Yes. We had the same issue last year with the consensus. It kind of straight lines it a little bit more than our true trend. Q1 for us is a little bit of a squeezed quarter because revenue is typically flat-to-down, and we also put in place all our promotions and wage increases.
So you end up with a little bit of a compression in Q1, that then, as customers really budget and revenue starts to grow throughout the year, you see the expansion again. So Q1's always a little bit of a squeeze. We had the same issue last year with consensus..
Plus we see holidays in Eastern Europe..
Right, yes. We have the orthodox holidays in Eastern Europe and that just brings revenue down, plus a lot of budget cycles are slow to pick up until Feb, March..
Right. Okay. And then just last one for me.
If we just think about Ukraine specifically, and -- Ark, I know you spend lot of time in the region in general, can you just give us sort of the latest bird's-eye view on what is happening with the operations across Europe, half a dozen or so developments in the country? I know that none of them are especially close to where the bulk of the military conflicts have been occurring, but have you had to move any folks around, among those Ukraine centers or outside of Ukraine to Belarus or elsewhere?.
Yes, we didn't run special programs to relocate people on purpose from Ukraine to like Eastern Europe to Central Eastern Europe or any other locations. But we have internally, what we call mobility program, when people who would like to be relocated apply. And probably, inside of this program it was slightly higher number of people than usual.

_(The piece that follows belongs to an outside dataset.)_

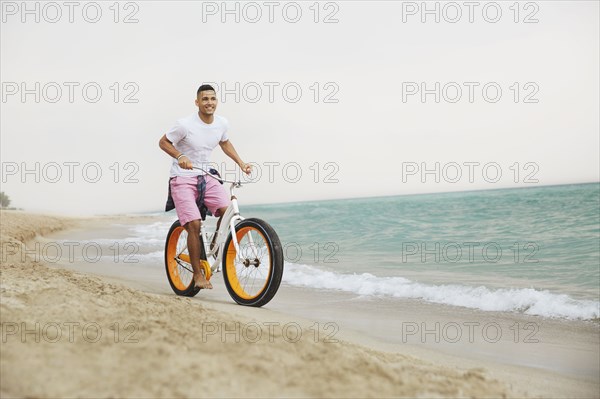 Black man riding bicycle on beach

But based on the, kind of, day-to-day situation it's pretty normal, again, in line with what we have communicated during the last quarters. So yes, there is -- there are concerns and we don't know what could happen.
There are still, but again, operations right now as usual and there is some movement of people, but again, it's not like in dramatically high numbers than before..
Our next question comes from the line of Mayank Tandon with Needham & Company..
Anthony, as we look at the revenue growth for fiscal '15, could you help us break it down between headcount growth utilization and any pricing increments you're expecting in '15?.
Sure. Headcount growth in '15 that we are assuming is going to be fairly in line with what we were looking at this past year, probably somewhere in the 20% range as far as growing organic headcount, could be a little bit lighter than that. And as far as bill rates, we're seeing a pretty consistent trend.
We've always talked about 7%, 8% bill rates, it's coming in roughly around that same range. We're still, obviously, getting actuals in from our customers and seeing where things are going to fall in but that's what we're assuming at this point, is something that is with past years..
Okay.
So that would imply utilization basically remains flattish with where you've finished '14?.
Yes. I mean, we finished out '14 at 77% so we expect utilization to remain right around that range, 77%, maybe 78%, but it's not going to get much higher than that..
Okay.
And then I wanted to get some color on your expectations for wage inflation in '15 and also, what are you seeing on the employee-attrition front in your various geographies?.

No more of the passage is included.